Common Mistakes in Meta-Analysis and How to Avoid Them
This book provides a discussion of common mistakes in the following areas:
Choosing a statistical model
Discussing heterogeneity
Interpreting significance tests
Assessing publication bias
Comparing subgroups
The book also provides worked examples and templates for reporting the results correctly.
Reviews of Common Mistakes in Meta-Analysis
Michael Borenstein is the master of accessible and accurate explanations. Thank you, Michael, for drawing on your vast experience mentoring thousands of people around the globe, to produce this book for us. Its value is immense. It is my hope that all scholars undertaking research synthesis will have this book by their side.

– HARRIS COOPER, Chief Editorial Advisor, American Psychological Association (2009−2015); Editor, Psychological Bulletin (2003−2009)
This book should be required reading for anyone conducting or planning to conduct a meta-analysis. By highlighting some of the most common mistakes that occur in meta-analyses, readers will learn how to avoid perpetuating those mistakes and ensure their meta-analyses are conducted and interpreted appropriately. This book should also be of great interest to researchers, policymakers, and practitioners who wish to be informed consumers of meta-analyses.

– EMILY E. TANNER-SMITH, Associate Dean for Research, College of Education, University of Oregon
This book will be tremendously useful to both first time and experienced users of meta-analysis. By alerting us to common pitfalls, it has the potential to improve the use of evidence in science and policy making.

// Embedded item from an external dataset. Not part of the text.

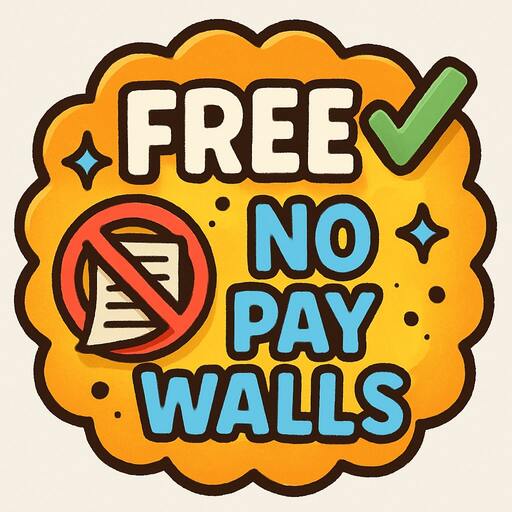 Badge: free & no paywalls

– LARRY HEDGES, Board of Trustees Professor of Statistics and Policy Research, Institute for Policy Research, Northwestern University
How you can use this book:
Among the thousands of meta-analyses that have been published over the past several decades, there are a number of mistakes that appear on a fairly regular basis. This book outlines the most common mistakes, using examples in medicine, epidemiology, education, psychology, criminal justice, and other fields. For each, it explains why it is a mistake, the implications of the mistake, and how to avoid the mistake.

The book is intended primarily for researchers, and so the discussion is conceptual rather than statistical. The examples show the real-world consequences of the mistakes, explaining (for example) how the mistakes can lead to the adoption of interventions that may actually be harmful in some populations.

The book includes a section with examples that show how to report the results of an analysis correctly. These examples can serve as templates for reporting an analysis, while avoiding the mistakes discussed in earlier chapters.

The book’s author is the co-author of the text Introduction to Meta-Analysis, the best-selling text in this field. In the current volume he draws on his experience teaching meta-analysis to thousands of researchers as well as his experience as a reviewer of meta-analyses for numerous journals.
Common mistakes addressed in this volume include the following:
Many researchers believe that the I 2 statistic tells us how much the effect size varies.

In fact, an I 2 value of 10% could correspond to substantial heterogeneity while an I 2 value of 90% could correspond to trivial heterogeneity.
Many readers assume that if the effect is statistically significant, the treatment works in all populations.

In fact, the treatment could be helpful in some populations and harmful in others.
Many meta-analysts use a significance test to choose between the fixed-effect and random-effects models.

In fact, the selection of a model must be based on the goals of the analysis.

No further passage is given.